Source : NOUVELOBS.COM  -  le 11 décembre 2010 

 

Matthieu Bonduelle, secrétaire général du Syndicat de la magistrature, s'indigne des déclarations de Brice Hortefeux qui "bafoue le principe de la division des pouvoirs".

Que pensez-vous de la prise de position de Brice Hortefeux ?

Quand il affirme, vendredi 10 décembre, que la décision du tribunal de Bobigny concernant les peines de prison contre sept policiers est "disproportionnée", le ministre de l'Intérieur vient interférer dans les décisions de justice. Par ces déclarations, Brice Hortefeux se substitue au juge et s'érige en Cour d'appel, c'est inacceptable.

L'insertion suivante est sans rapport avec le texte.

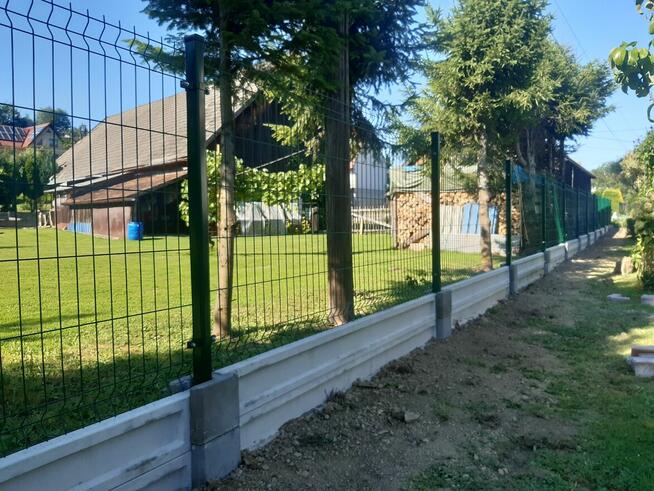 Ogrodzenia Montaż Dostawa 40 ZŁ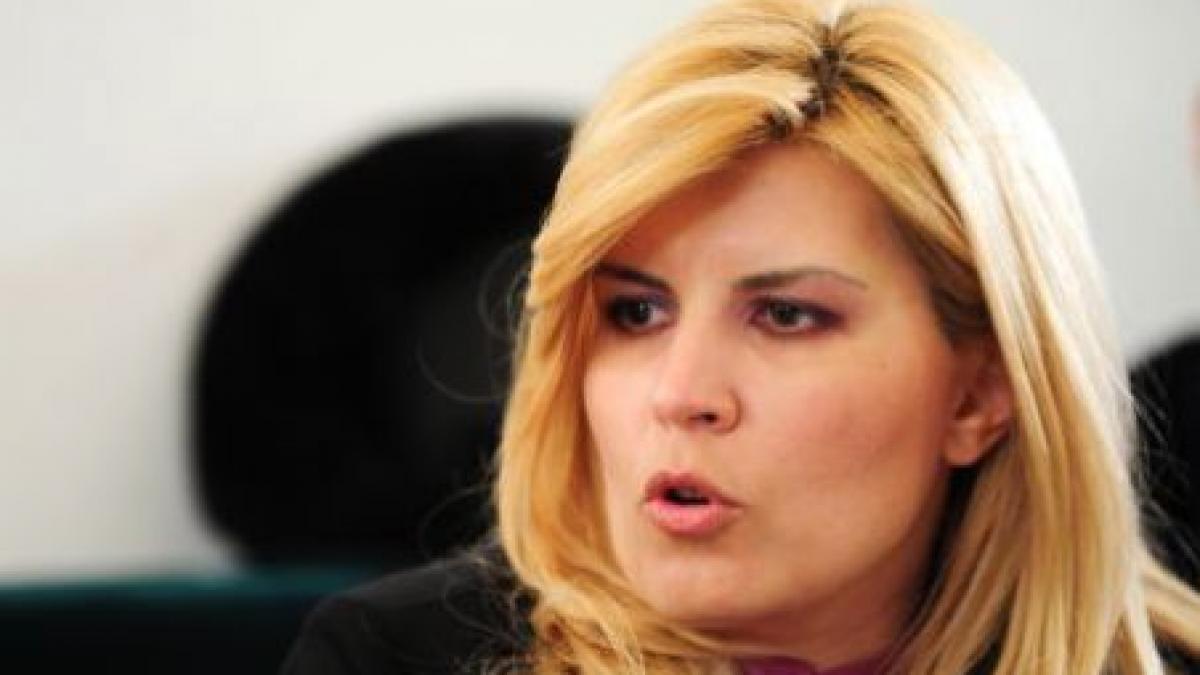 udrea basescu a spus la snagov sa nu l incurcam si sa mergem in opozitie daca nu vrem sa impunem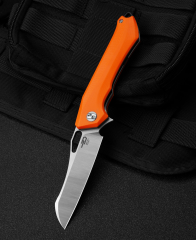 BESTECH PLATYPUS BG28B G10 Sap D2 Çelik Çakı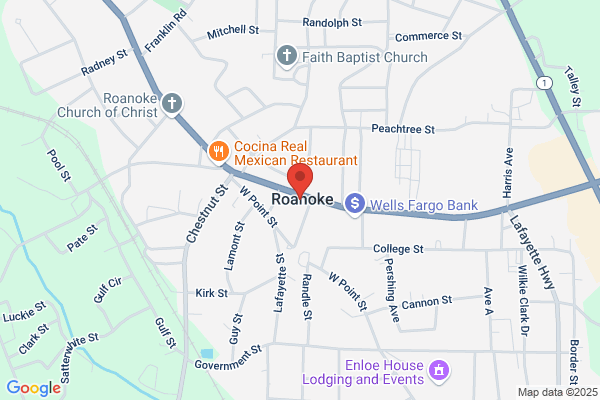Roanoke City Clerk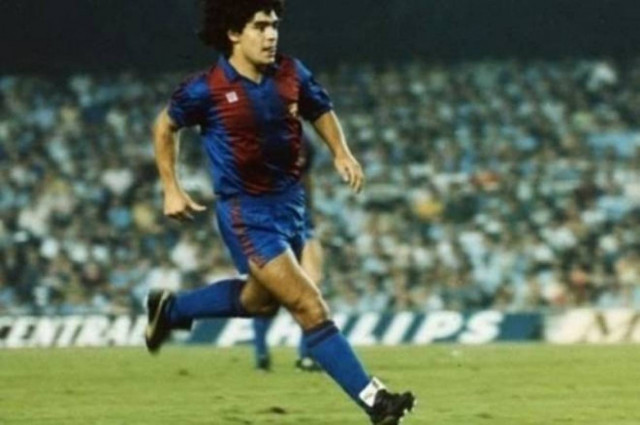 Δείτε το μαγικό γκολ του Μαραντόνα, πριν από 30 χρόνια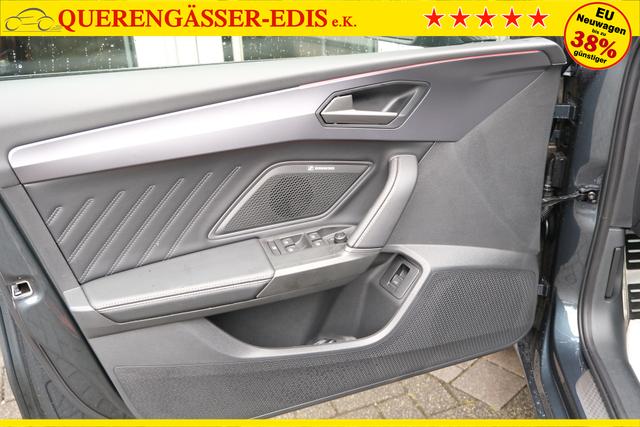 Cupra Leon Sportstourer SP 2.0 TSI DSG 4Drive Sennheiser AHK LED 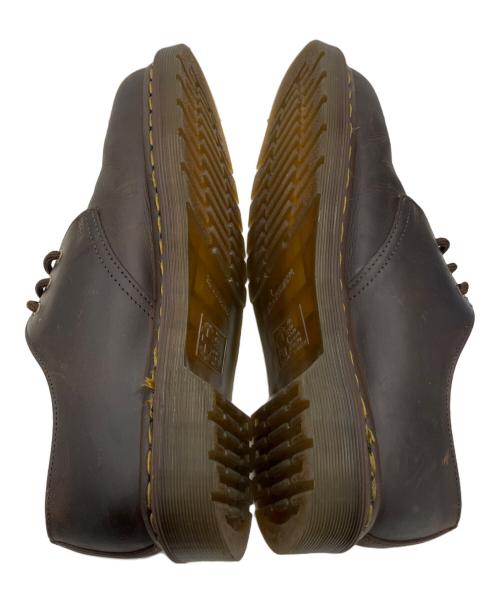 Dr.Martens（ドクターマーチン）Dr.Martens (ドクターマーチン) 1461 3 ホール シューズ ダークブラウン サイズ:US8の古着・服飾アイテム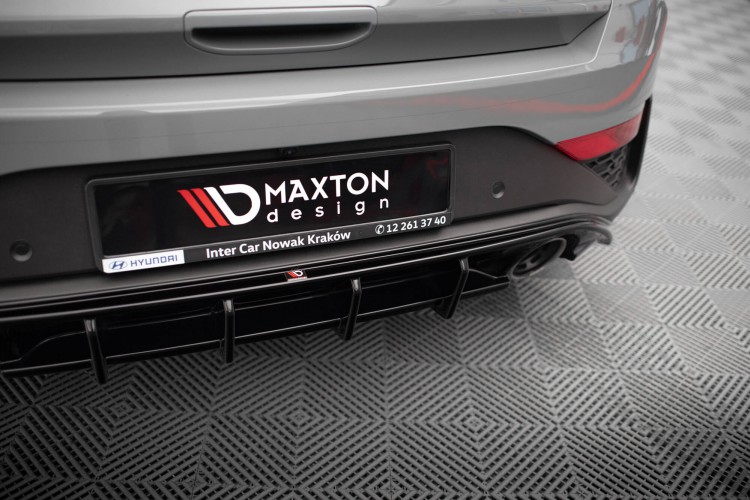 Πίσω Valance Hyundai I30 N Hatchback Mk3 Facelift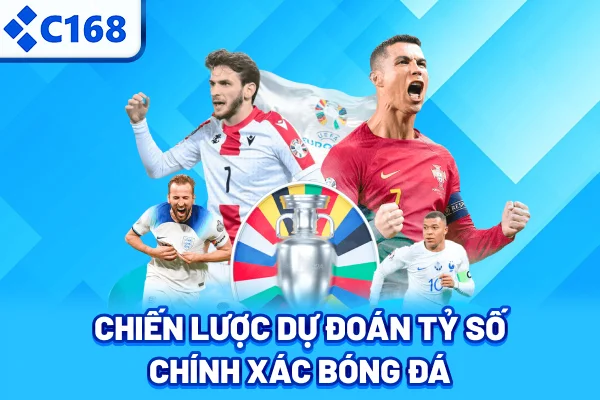 Chiến lược dự đoán tỷ số chính xác bóng đá
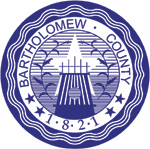 logo for Bartholomew County Emergency Management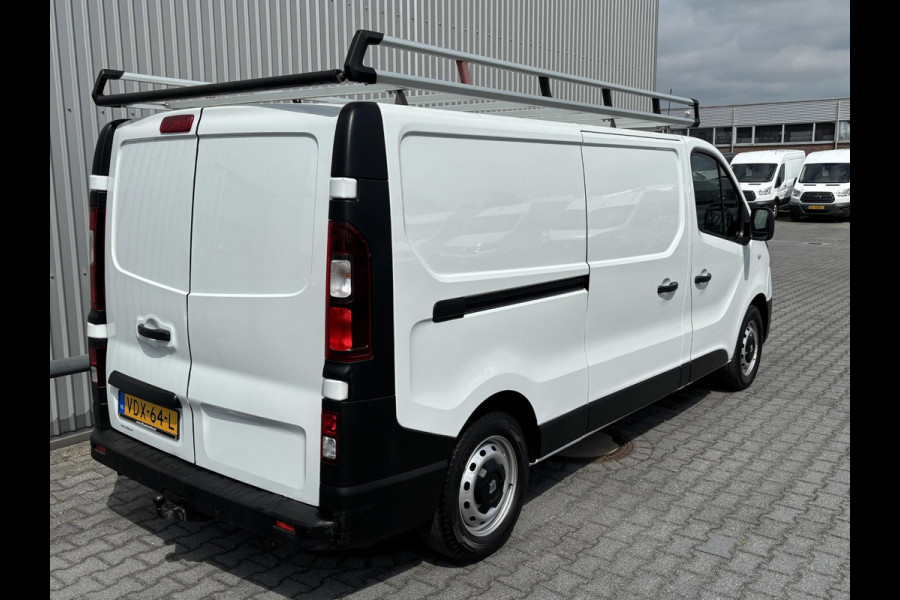 Renault Trafic 2.0 dCi L2H1*FULL-LED*NAVI*CRUISE*A/C*HAAK*3PERS*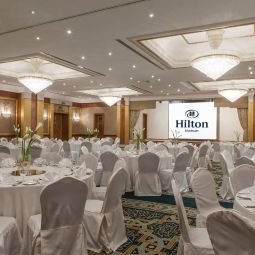 Sala banchetti Hilton Sharjah Fotos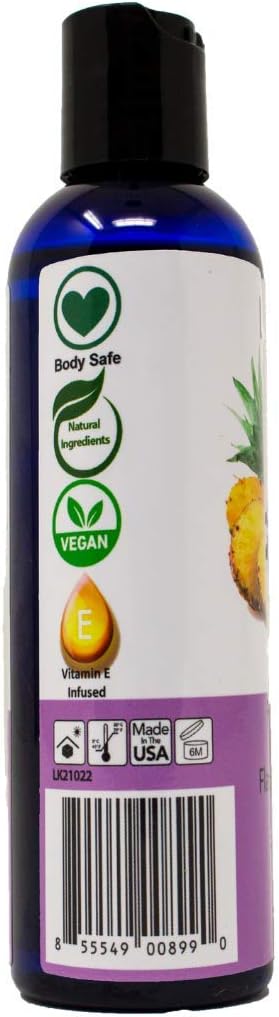 Edible Sensual Massage Oil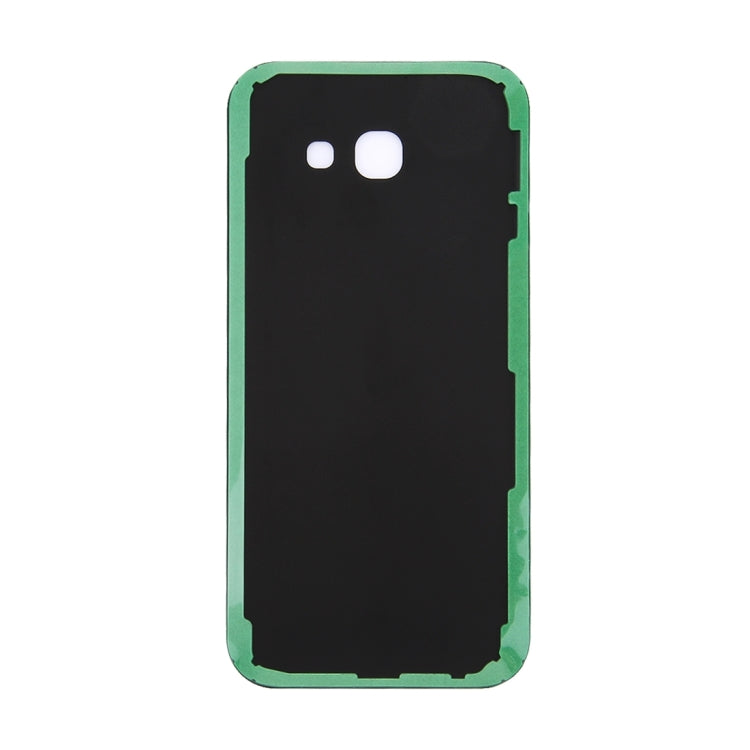 For Galaxy A5 (2017) / A520 Battery Back Cover (Black) Eurekaonline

En mélangeant les pouvoirs judiciaires et exécutifs, le gouvernement amorce la fin de l'indépendance de la justice. Le principe de la démocratie, qui repose sur la division des pouvoirs, est bafoué. Ce n'est pas le rôle d'un ministre de se laisser aller à de tels commentaires. Il peut certes soutenir les policiers dans les moments difficiles mais pas se permettre ce genre de jugement.

Roger-Gérard Schwartzenberg accuse Brice Hortefeux d'avoir "enfreint la Constitution et le code pénal". Qu'en pensez-vous ?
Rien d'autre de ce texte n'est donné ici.